> [Action item] Please give the lines below again exactly as they stand, from the one that contains "Y Harfi Kilit Altın Kolye" up to and including the one that contains "Maison Exclusive - 17-tlg.", leaving all pictures out.

> [Records to use]
○ ○ ○ ○ ○

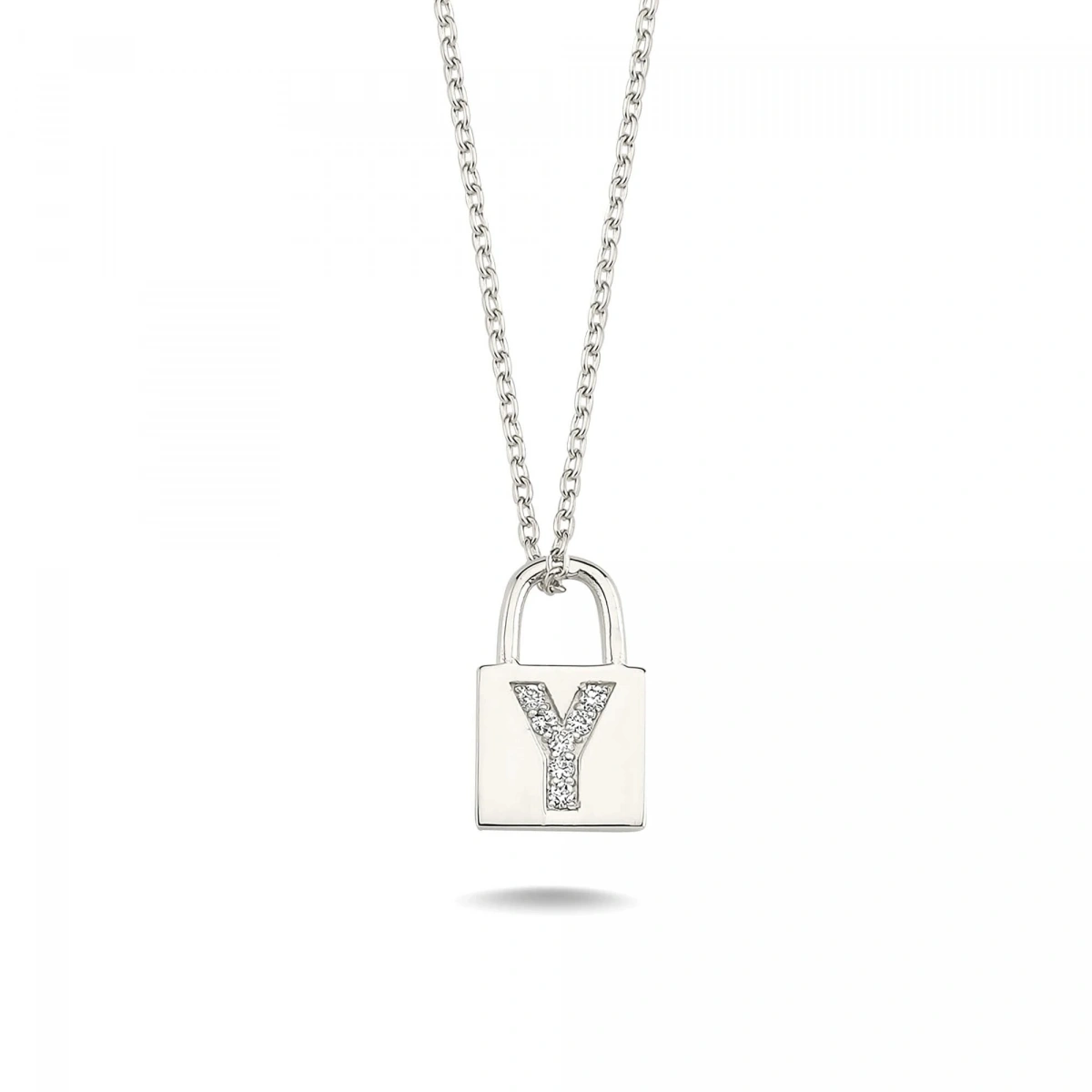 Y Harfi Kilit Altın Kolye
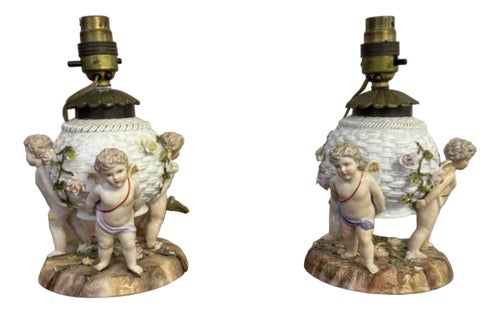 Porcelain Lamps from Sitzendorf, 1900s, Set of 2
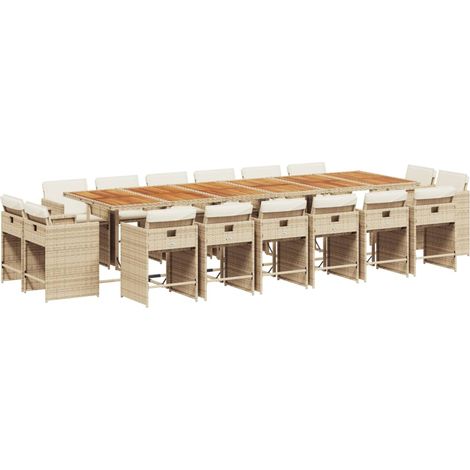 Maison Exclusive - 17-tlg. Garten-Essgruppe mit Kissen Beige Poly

○ ○ ○ ○ ○

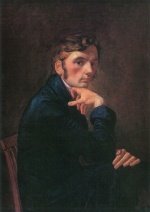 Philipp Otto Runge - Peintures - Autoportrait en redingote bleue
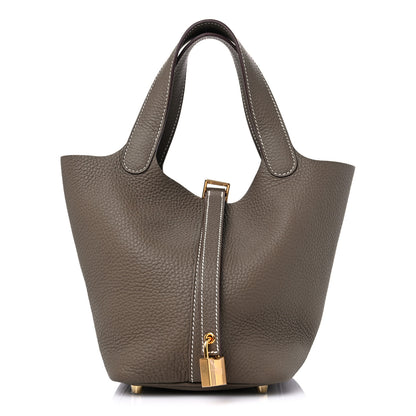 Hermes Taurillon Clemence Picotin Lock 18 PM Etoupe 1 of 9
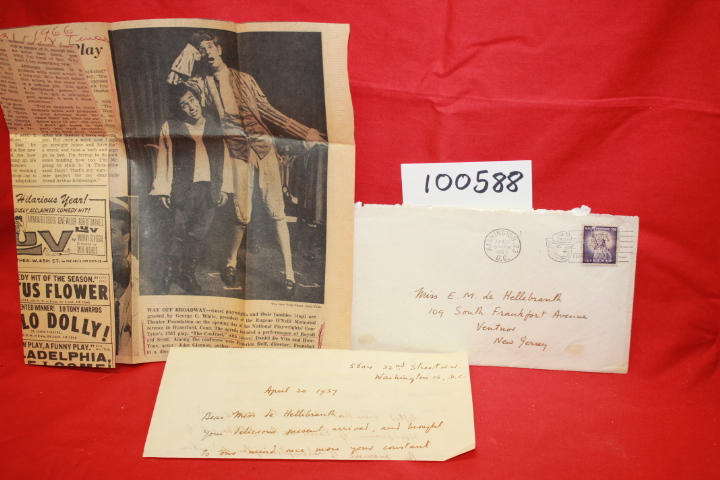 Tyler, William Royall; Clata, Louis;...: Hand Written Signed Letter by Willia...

○ ○ ○ ○ ○

> [Output for this exercise]
 Y Harfi Kilit Altın Kolye
 Porcelain Lamps from Sitzendorf, 1900s, Set of 2
 Maison Exclusive - 17-tlg. Garten-Essgruppe mit Kissen Beige Poly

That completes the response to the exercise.